Recently, Lyubashevsky & Seiler (Eurocrypt 2018) showed that small polynomials in the cyclotomic ring \(\mathbb {Z}_q[X]/(X^n+1)\), where n is a power of two, are invertible under special congruence conditions on prime modulus q. This result has been used to prove certain security properties of lattice-based constructions against unbounded adversaries. Unfortunately, due to the special conditions, working over the corresponding cyclotomic ring does not allow for efficient use of the Number Theoretic Transform (NTT) algorithm for fast multiplication of polynomials and hence, the schemes become less practical.

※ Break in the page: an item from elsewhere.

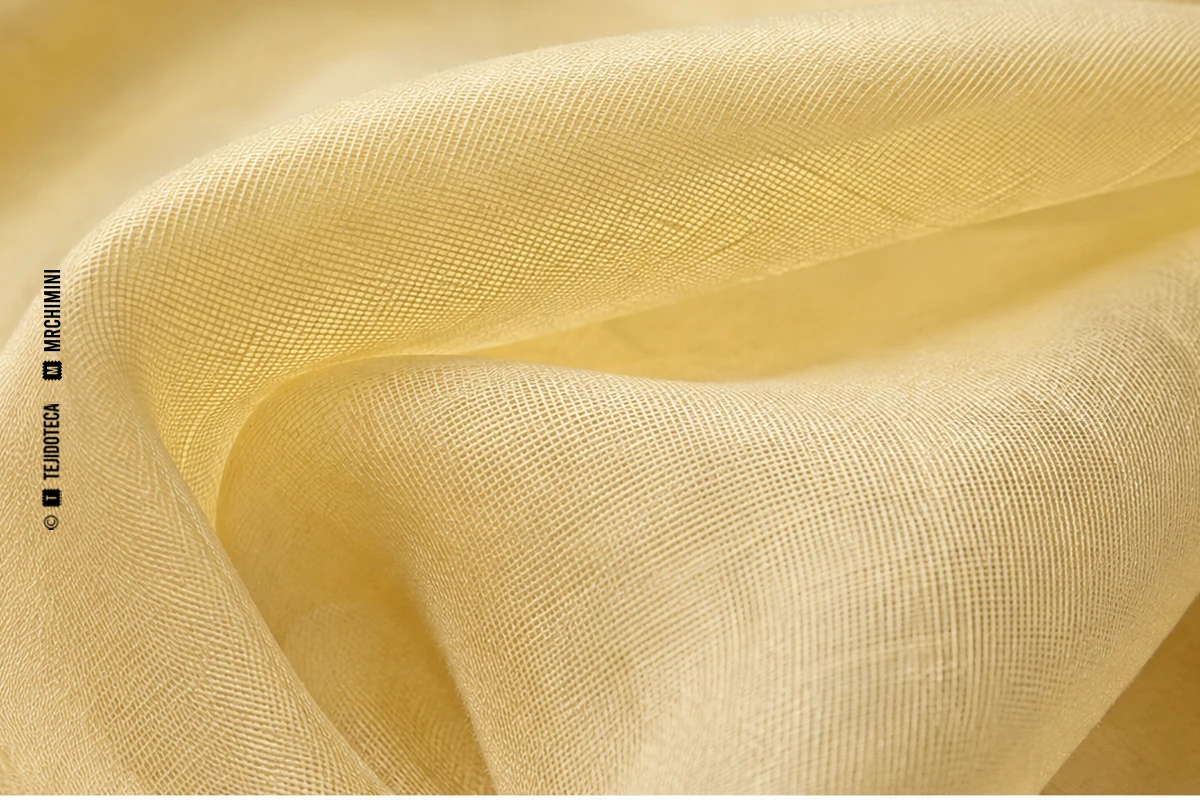Macrofotografía de tejido voile en amarillo mantequilla #E9D48A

In this paper, we present how to overcome this limitation by analysing zeroes in the Chinese Remainder (or NTT) representation of small polynomials. As a result, we provide upper bounds on the probabilities related to the (non)-existence of a short vector in a random module lattice with no assumptions on the prime modulus. We apply our results, along with the generic framework by Kiltz et al. (Eurocrypt 2018), to a number of lattice-based Fiat-Shamir signatures so they can both enjoy tight security in the quantum random oracle model and support fast multiplication algorithms (at the cost of slightly larger public keys and signatures), such as the Bai-Galbraith signature scheme (CT-RSA 2014), \(\mathsf {Dilithium\text {-}QROM}\) (Kiltz et al., Eurocrypt 2018) and \(\mathsf {qTESLA}\) (Alkim et al., PQCrypto 2017). Our techniques can also be applied to prove that recent commitment schemes by Baum et al. (SCN 2018) are statistically binding with no additional assumptions on q.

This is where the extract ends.